### Problem description
Output each record below exactly, and include all of them.

### Source records
++++++++++++++++++++
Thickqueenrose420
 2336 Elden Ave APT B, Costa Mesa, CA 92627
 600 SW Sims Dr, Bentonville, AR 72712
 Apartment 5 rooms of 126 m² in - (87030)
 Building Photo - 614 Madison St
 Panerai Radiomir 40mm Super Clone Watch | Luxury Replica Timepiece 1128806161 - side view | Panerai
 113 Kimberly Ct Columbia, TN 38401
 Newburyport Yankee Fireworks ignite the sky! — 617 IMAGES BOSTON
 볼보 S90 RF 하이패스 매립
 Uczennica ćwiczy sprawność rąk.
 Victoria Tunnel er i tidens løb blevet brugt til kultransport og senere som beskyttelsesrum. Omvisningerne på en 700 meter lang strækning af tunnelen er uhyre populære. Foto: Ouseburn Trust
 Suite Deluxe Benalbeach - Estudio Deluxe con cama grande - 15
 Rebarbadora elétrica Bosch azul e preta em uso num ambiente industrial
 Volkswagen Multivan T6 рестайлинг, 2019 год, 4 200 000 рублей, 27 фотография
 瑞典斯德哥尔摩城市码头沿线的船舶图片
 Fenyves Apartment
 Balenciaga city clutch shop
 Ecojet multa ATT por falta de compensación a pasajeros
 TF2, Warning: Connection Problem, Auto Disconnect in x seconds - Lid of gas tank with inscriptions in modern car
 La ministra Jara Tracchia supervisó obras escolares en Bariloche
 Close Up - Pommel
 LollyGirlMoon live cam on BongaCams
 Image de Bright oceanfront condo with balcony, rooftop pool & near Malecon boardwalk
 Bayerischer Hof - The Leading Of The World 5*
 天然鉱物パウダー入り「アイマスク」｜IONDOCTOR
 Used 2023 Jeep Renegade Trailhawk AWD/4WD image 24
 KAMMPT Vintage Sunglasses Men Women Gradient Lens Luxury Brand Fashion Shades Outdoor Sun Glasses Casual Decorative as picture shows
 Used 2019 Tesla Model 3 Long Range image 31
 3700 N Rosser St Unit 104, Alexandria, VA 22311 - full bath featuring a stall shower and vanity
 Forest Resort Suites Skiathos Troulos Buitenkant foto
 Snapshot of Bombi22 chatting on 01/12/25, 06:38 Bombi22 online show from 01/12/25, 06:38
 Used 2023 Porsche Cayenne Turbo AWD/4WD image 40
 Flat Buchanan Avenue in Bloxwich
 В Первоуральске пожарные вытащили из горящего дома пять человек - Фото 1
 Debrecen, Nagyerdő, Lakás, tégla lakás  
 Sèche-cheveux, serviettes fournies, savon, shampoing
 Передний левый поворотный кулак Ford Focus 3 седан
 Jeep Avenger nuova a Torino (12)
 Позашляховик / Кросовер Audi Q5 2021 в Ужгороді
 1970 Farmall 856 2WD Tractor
++++++++++++++++++++
### Written solution
Thickqueenrose420
 2336 Elden Ave APT B, Costa Mesa, CA 92627
 600 SW Sims Dr, Bentonville, AR 72712
 Apartment 5 rooms of 126 m² in - (87030)
 Building Photo - 614 Madison St
 Panerai Radiomir 40mm Super Clone Watch | Luxury Replica Timepiece 1128806161 - side view | Panerai
 113 Kimberly Ct Columbia, TN 38401
 Newburyport Yankee Fireworks ignite the sky! — 617 IMAGES BOSTON
 볼보 S90 RF 하이패스 매립
 Uczennica ćwiczy sprawność rąk.
 Victoria Tunnel er i tidens løb blevet brugt til kultransport og senere som beskyttelsesrum. Omvisningerne på en 700 meter lang strækning af tunnelen er uhyre populære. Foto: Ouseburn Trust
 Suite Deluxe Benalbeach - Estudio Deluxe con cama grande - 15
 Rebarbadora elétrica Bosch azul e preta em uso num ambiente industrial
 Volkswagen Multivan T6 рестайлинг, 2019 год, 4 200 000 рублей, 27 фотография
 瑞典斯德哥尔摩城市码头沿线的船舶图片
 Fenyves Apartment
 Balenciaga city clutch shop
 Ecojet multa ATT por falta de compensación a pasajeros
 TF2, Warning: Connection Problem, Auto Disconnect in x seconds - Lid of gas tank with inscriptions in modern car
 La ministra Jara Tracchia supervisó obras escolares en Bariloche
 Close Up - Pommel
 LollyGirlMoon live cam on BongaCams
 Image de Bright oceanfront condo with balcony, rooftop pool & near Malecon boardwalk
 Bayerischer Hof - The Leading Of The World 5*
 天然鉱物パウダー入り「アイマスク」｜IONDOCTOR
 Used 2023 Jeep Renegade Trailhawk AWD/4WD image 24
 KAMMPT Vintage Sunglasses Men Women Gradient Lens Luxury Brand Fashion Shades Outdoor Sun Glasses Casual Decorative as picture shows
 Used 2019 Tesla Model 3 Long Range image 31
 3700 N Rosser St Unit 104, Alexandria, VA 22311 - full bath featuring a stall shower and vanity
 Forest Resort Suites Skiathos Troulos Buitenkant foto
 Snapshot of Bombi22 chatting on 01/12/25, 06:38 Bombi22 online show from 01/12/25, 06:38
 Used 2023 Porsche Cayenne Turbo AWD/4WD image 40
 Flat Buchanan Avenue in Bloxwich
 В Первоуральске пожарные вытащили из горящего дома пять человек - Фото 1
 Debrecen, Nagyerdő, Lakás, tégla lakás  
 Sèche-cheveux, serviettes fournies, savon, shampoing
 Передний левый поворотный кулак Ford Focus 3 седан
 Jeep Avenger nuova a Torino (12)
 Позашляховик / Кросовер Audi Q5 2021 в Ужгороді
 1970 Farmall 856 2WD Tractor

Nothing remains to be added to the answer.